:: Directions for this task ::
The required output is the stretch from the line containing "Top plażowy tankini" through the line containing "Candeeiro de Teto" in the records below, unaltered and with no pictures.
*** Material provided
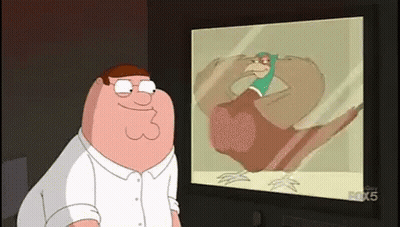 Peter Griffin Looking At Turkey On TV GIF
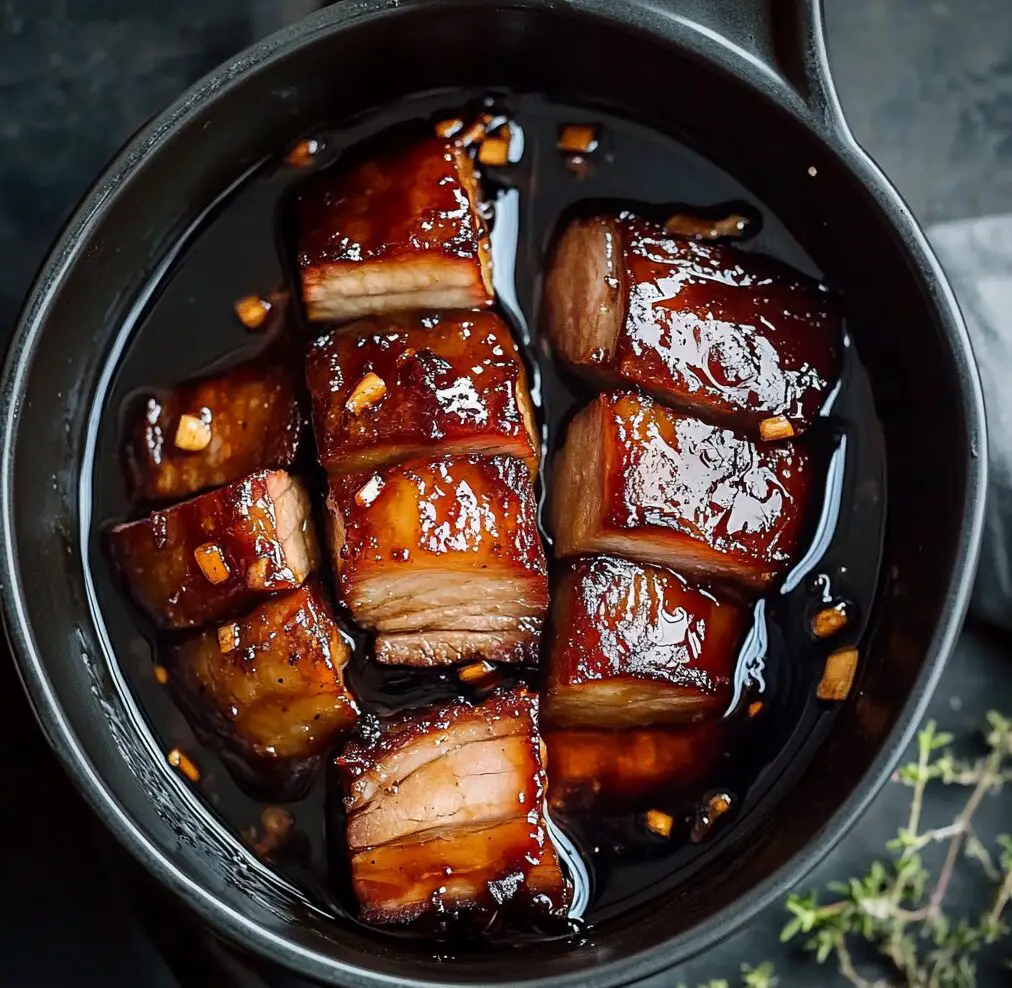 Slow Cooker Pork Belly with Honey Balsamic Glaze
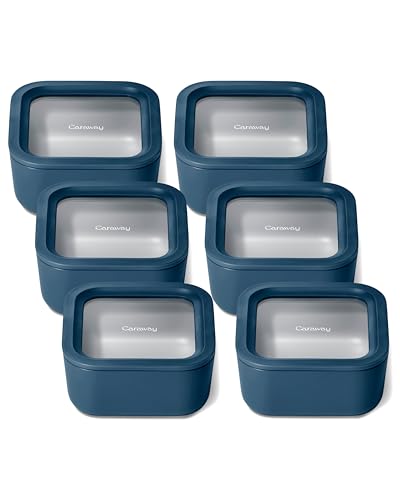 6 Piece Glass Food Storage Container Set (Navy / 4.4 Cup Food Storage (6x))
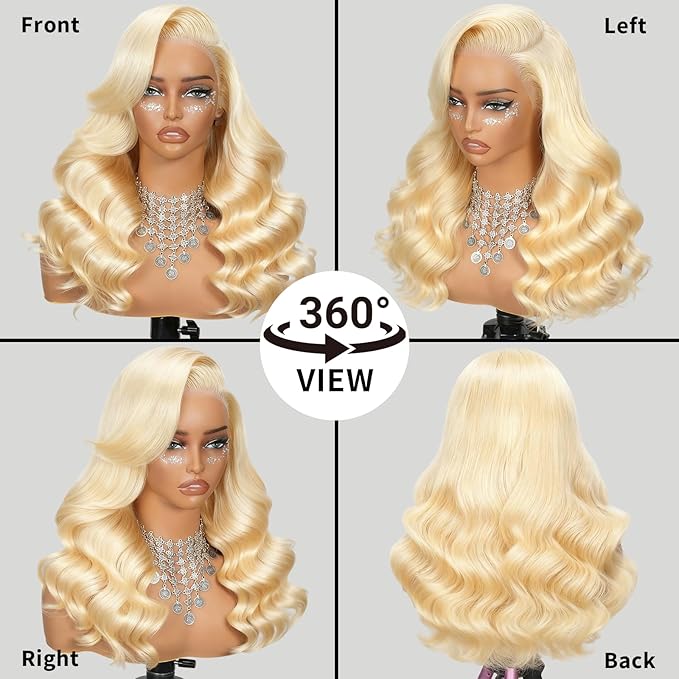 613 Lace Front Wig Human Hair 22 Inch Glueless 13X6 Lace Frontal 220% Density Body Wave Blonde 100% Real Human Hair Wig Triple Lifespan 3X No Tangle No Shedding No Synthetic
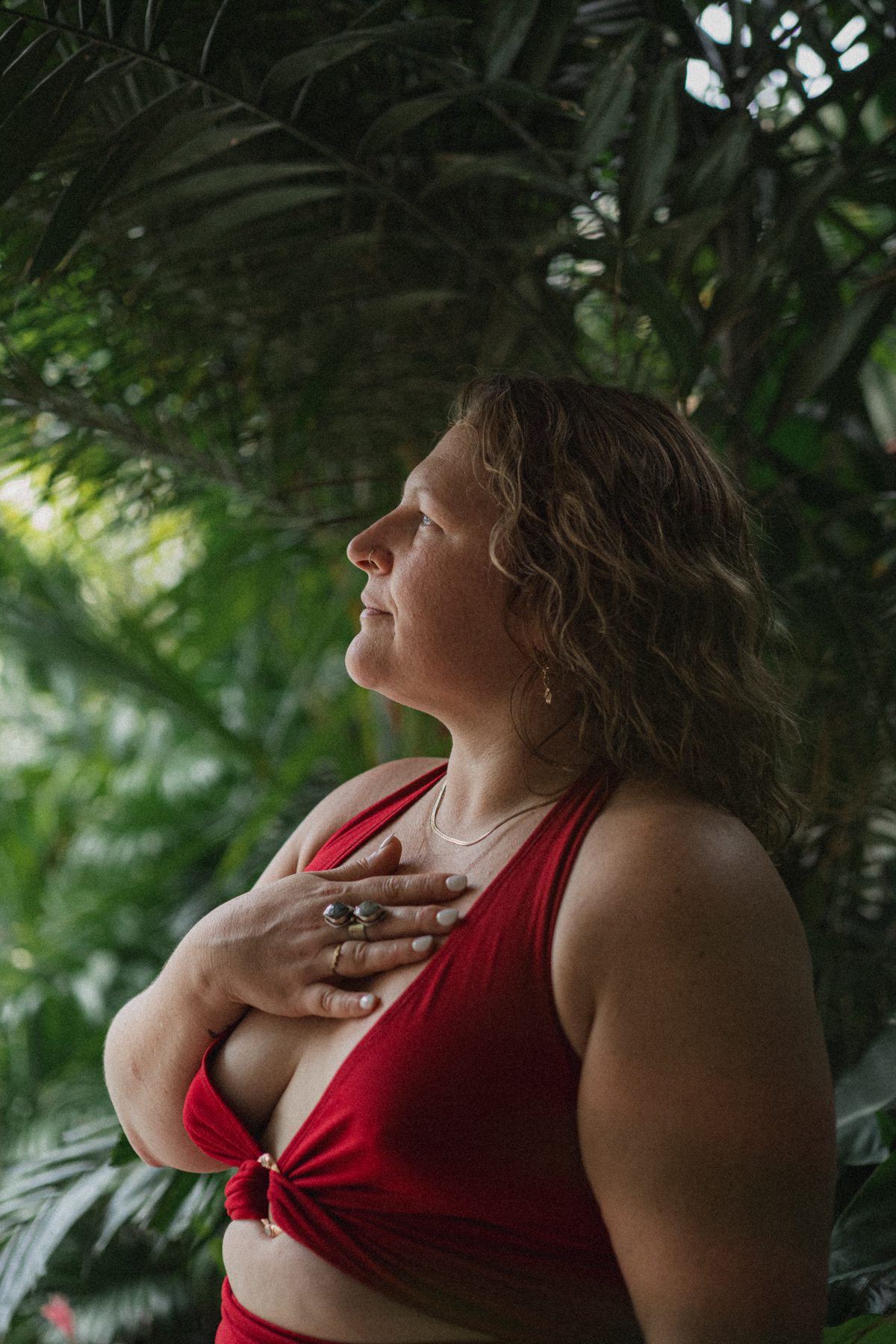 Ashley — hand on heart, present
******
*** Material provided
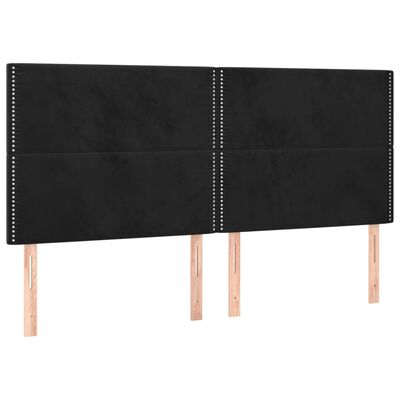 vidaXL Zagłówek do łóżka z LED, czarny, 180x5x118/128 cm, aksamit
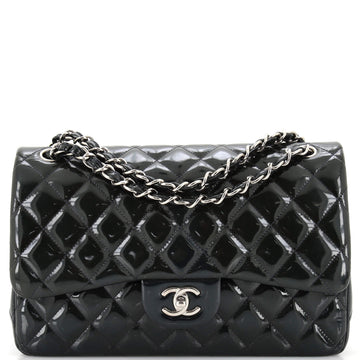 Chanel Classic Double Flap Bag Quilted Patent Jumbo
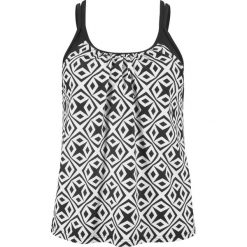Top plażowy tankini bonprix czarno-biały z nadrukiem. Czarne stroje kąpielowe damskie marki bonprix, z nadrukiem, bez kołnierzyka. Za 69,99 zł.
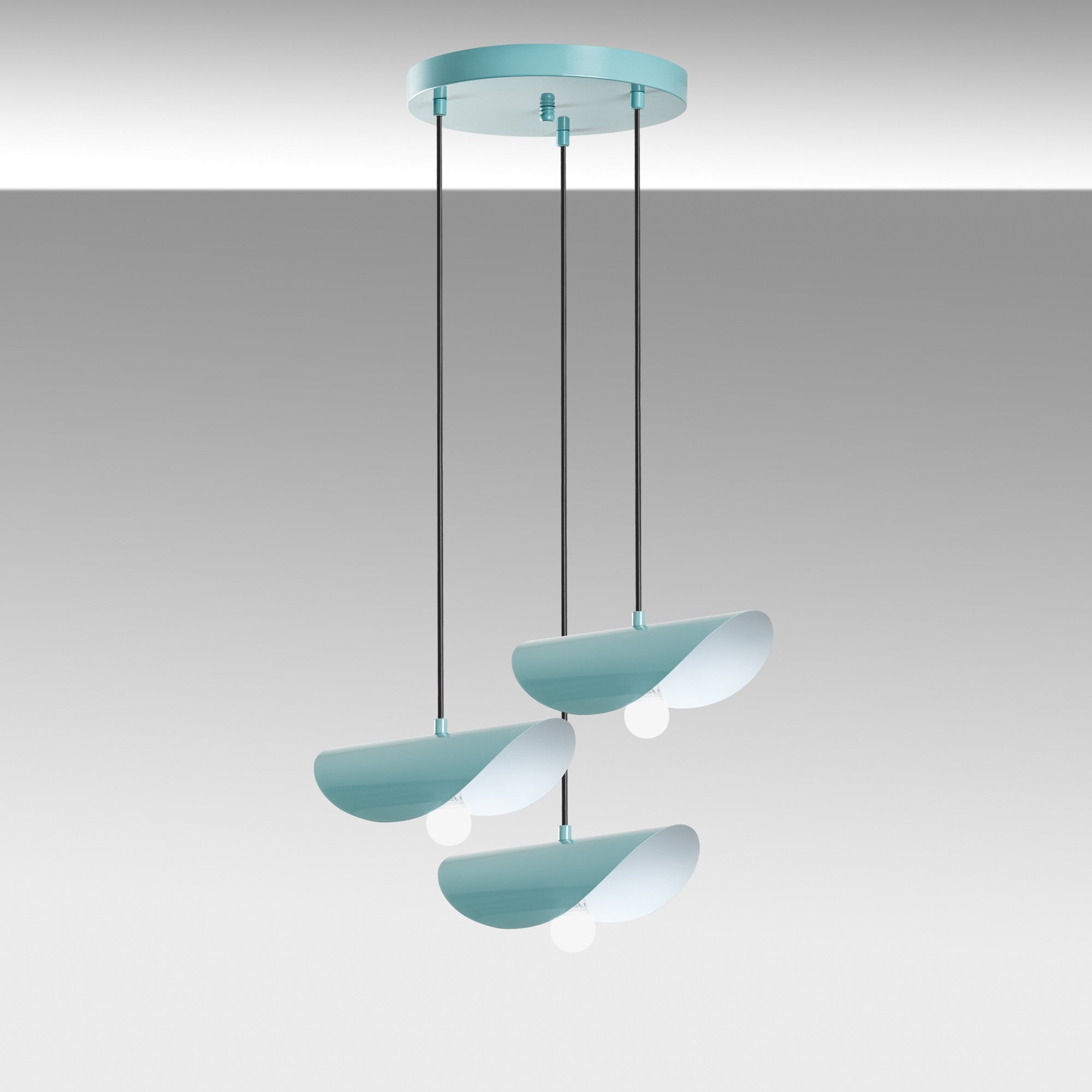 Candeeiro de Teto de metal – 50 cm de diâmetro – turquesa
******
*** Material provided
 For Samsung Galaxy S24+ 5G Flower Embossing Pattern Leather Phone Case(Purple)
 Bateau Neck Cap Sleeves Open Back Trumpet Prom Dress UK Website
******
:: Your solution ::
Top plażowy tankini bonprix czarno-biały z nadrukiem. Czarne stroje kąpielowe damskie marki bonprix, z nadrukiem, bez kołnierzyka. Za 69,99 zł.
 Candeeiro de Teto de metal – 50 cm de diâmetro – turquesa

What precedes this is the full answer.